1.7.2 Conditioning the Signals

Raw EEG signals have amplitudes of the order of μV and contain frequency components of up to 300 Hz. To retain the effective information the signals have to be amplified before the ADC and filtered, either before or after the ADC, to reduce the noise and make the signals suitable for processing and visualization. The filters are designed in such a way as not to introduce any change or distortion to the signals. Highpass filters with cut-off frequency of usually less than 0.5 Hz are used to remove the disturbing very low frequency components such as those of breathing. On the other hand, high frequency noise is mitigated by using lowpass filters with cut-off frequency of approximately 50 to 70 Hz. Use of notch filters with a null frequency of 50 Hz is often necessary to ensure perfect rejection of the strong 50 Hz power supply. In this case the sampling frequency can be as low as twice the bandwidth commonly used by most EEG systems. The commonly used sampling frequencies for EEG recordings are 100, 250, 500, 1000, and 2000 samples/s. The main artefacts can be divided into patient-related (physiological) and system noise. The patient-related or internal artefacts are body movement-related, EMG, ECG (and pulsation), EOG, ballistocardiogram, and sweating. The system artefacts are 50/60 Hz power supply interference, impedance fluctuation, cable defects, electrical noise from the electronic components, and unbalanced impedances of the electrodes. Often in the preprocessing stage these artefacts are highly mitigated and the informative information is restored. Some methods for removing the EEG artefacts will be discussed in the related chapters of this book. Figure 1.10 shows a set of normal EEG signals affected by an eye-blinking artefact. Similarly, Figure 1.11 represents a multichannel EEG set with clear appearance of ECG signals over the electrodes in the occipital region.

We continue in the next section to highlight the changes in EEG measurements which correlate with physiological and mental abnormalities in the brain.

1.8 Abnormal EEG Patterns

Variations in the EEG patterns for certain states of the subject indicate abnormality. This may be due to distortion and disappearance of abnormal patterns, appearance and increase of abnormal patterns, or disappearance of all patterns. Sharbrough [51] divided the non-specific abnormalities in the EEGs into three categories; (i) widespread intermittent slow wave abnormalities, often in the delta wave range and associated with brain dysfunction, (ii) bilateral persistent EEG usually associated with impaired conscious cerebral reactions, and (iii) focal persistent EEG usually associated with focal cerebral disturbance.

The first category is a burst type signal, which is attenuated by alerting the individual and eye opening, and accentuated with eye closure, hyperventilation, or drowsiness. The peak amplitude in adults is usually localized in the frontal region and influenced by age. In children, however, it appears over the occipital or posterior head region. Early findings showed that this abnormal pattern frequently appears with an increased intracranial pressure with tumour or aqueductal stenosis. Also, it correlates with grey matter disease, both in cortical and subcortical locations.

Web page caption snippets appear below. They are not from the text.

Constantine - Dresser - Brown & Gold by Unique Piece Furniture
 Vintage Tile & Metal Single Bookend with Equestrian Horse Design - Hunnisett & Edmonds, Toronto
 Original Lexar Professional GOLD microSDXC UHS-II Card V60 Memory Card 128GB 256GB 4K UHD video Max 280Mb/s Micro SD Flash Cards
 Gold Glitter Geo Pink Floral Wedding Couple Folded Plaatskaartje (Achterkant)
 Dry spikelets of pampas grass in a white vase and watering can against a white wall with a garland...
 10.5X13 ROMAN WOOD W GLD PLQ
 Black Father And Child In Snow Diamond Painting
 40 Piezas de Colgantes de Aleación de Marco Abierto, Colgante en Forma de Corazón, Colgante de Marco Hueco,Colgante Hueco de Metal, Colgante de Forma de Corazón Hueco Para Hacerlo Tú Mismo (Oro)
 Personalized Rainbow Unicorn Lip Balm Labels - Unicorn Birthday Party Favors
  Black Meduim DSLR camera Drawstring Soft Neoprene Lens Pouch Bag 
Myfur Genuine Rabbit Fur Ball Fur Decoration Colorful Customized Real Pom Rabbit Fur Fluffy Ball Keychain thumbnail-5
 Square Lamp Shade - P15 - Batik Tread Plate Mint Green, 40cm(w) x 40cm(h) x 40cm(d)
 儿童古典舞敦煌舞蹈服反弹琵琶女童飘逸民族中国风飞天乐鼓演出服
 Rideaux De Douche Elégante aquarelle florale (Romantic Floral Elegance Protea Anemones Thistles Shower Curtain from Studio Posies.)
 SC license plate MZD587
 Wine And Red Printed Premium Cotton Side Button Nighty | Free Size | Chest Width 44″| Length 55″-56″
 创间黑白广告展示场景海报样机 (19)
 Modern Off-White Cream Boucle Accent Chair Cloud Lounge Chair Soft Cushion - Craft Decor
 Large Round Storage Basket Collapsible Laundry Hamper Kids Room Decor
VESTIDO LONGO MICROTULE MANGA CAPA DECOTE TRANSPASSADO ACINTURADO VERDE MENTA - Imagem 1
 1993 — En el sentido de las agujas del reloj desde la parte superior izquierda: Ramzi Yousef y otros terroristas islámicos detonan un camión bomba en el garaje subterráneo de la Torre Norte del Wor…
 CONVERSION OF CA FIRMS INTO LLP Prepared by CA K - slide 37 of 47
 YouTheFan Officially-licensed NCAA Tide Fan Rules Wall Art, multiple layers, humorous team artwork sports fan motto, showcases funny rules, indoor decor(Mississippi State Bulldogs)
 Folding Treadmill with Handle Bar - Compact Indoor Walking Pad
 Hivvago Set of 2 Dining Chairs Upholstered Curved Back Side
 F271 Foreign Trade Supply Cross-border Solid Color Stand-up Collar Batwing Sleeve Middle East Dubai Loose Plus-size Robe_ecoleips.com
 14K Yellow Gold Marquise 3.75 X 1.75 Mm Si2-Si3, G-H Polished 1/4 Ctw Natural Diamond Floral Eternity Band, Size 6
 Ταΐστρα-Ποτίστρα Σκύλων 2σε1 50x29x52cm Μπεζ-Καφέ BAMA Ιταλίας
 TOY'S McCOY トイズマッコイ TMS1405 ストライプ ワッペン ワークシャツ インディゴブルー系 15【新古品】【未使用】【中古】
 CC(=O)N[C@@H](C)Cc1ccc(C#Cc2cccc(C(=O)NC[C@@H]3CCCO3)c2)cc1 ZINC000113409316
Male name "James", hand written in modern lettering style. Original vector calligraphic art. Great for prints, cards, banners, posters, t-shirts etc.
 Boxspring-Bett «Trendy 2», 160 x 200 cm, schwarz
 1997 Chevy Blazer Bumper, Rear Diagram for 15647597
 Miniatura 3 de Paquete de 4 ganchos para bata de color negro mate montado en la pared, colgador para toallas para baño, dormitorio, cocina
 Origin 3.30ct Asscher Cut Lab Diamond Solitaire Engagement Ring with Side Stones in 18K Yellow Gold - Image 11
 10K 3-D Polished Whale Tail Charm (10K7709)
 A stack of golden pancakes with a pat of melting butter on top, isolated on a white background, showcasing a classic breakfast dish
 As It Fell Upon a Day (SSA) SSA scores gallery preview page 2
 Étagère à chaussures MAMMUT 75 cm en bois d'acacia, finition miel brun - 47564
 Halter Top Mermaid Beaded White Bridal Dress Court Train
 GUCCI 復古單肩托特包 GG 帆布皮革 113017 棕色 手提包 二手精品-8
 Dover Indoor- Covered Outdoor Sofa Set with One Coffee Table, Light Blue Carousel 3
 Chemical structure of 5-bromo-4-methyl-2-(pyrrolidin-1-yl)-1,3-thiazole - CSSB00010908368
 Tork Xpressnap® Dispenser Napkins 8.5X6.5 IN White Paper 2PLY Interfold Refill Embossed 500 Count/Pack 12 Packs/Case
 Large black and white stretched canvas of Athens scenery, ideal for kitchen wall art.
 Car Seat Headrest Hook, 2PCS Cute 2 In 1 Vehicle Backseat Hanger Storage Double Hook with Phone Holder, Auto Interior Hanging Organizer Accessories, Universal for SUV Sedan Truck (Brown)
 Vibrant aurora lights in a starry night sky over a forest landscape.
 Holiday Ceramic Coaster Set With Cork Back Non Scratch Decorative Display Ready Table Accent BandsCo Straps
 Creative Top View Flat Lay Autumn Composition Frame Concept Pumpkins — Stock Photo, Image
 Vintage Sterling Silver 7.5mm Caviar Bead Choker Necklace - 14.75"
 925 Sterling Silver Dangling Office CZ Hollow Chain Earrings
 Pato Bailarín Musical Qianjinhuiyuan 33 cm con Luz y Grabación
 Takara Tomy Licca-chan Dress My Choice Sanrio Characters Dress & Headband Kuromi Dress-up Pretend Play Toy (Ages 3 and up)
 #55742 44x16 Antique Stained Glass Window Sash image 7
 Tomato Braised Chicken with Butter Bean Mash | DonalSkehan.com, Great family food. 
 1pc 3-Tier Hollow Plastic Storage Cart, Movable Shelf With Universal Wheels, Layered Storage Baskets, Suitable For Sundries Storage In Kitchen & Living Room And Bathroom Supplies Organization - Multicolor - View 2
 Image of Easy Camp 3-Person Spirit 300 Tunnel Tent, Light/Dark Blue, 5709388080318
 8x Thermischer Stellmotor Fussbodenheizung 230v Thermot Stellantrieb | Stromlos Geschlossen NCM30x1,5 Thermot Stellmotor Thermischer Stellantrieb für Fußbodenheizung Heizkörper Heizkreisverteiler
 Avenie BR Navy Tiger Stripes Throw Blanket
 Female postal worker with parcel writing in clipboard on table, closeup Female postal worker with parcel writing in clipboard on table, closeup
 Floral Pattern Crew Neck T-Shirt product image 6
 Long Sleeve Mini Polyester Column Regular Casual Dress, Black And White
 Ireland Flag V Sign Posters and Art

However, it can be seen in association with a wide variety of pathological processes, varying from systemic toxic or metabolic disturbances to focal intracranial lesions.

Regarding the second category, that is, bilateral persistent EEG, the phenomenon in different stages of impaired, conscious, purposeful responsiveness are aetiologically non-specific and the mechanisms responsible for their generation are only partially understood. However, the findings in connection with other information concerning aetiology and chronicity may be helpful in arriving more quickly at an accurate prognosis concerning the patient's chance of recovering his previous conscious life.